Charlotte, Emily and Anne Bronte all used detailed descriptions of the weather around their moorland home at Haworth to emphasise the dramatic and emotive aspects of their novels.
Last October, Rebecca Chesney set up a solar powered, digital weather station at the Bronte Parsonage Museum in Haworth to collect weather-related data such as rainfall, wind speed, air pressure and temperature.
While doing that, she also started a residency at the Parsonage, reading letters and novels by the Brontes and researching historical weather records to try and cross-reference similarities and differences with the present day weather readings.
To complement the scientific data being collected, there are also local volunteers noting down weather comments everyday for the duration of the year.
The sum of the scientific data and personal reflections is intended for an archive of weather information specific to the Haworth and Thornton area.
Using the weather station records and her time at the Parsonage, Chesney has developed a series of drawings on graph paper that parallel specific quotes from Bronte writings, on display at Thornton’s South Square Gallery this summer.
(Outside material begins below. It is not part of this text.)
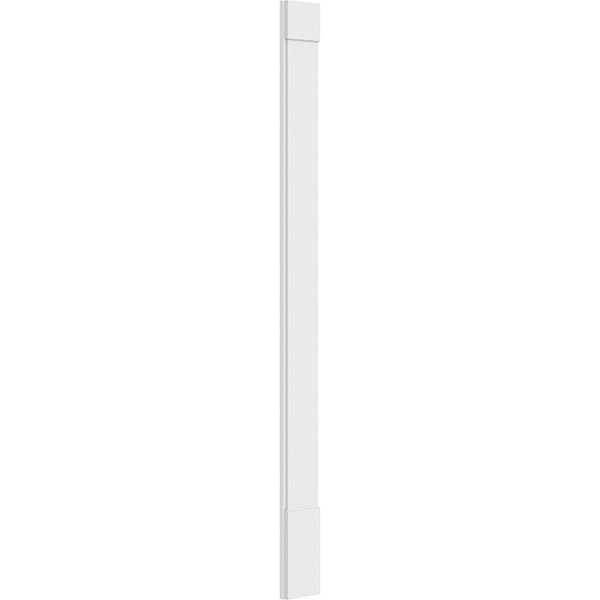 Plain PVC Pilaster with Standard Capital & Base (Pair) H21761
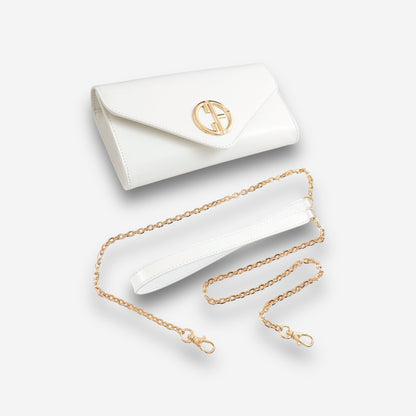 Whisper Gold - White Semi Patent-crossbody bag-COLDFIRE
With the use of handwritten historical weather records from the 1800s, Chesney has also developed a series of screen prints relating weather patterns to key dates during the Bronte sister’s lives and deaths.
Each image is an over-layered mass of data, unreadable in its intensity and suggestive of the severe and devastating impact that weather had on the Bronte’s health.
From drizzle and mist to storms and gales, thunder and lightning to sunshine and rain, the Bronte sisters’ novels reference the same changing weather conditions that continue today.
* Hope’s Whisper is on from July 11 to 29. Thornton’s South Square Gallery is open noon to 3pm, Tuesday to Sunday.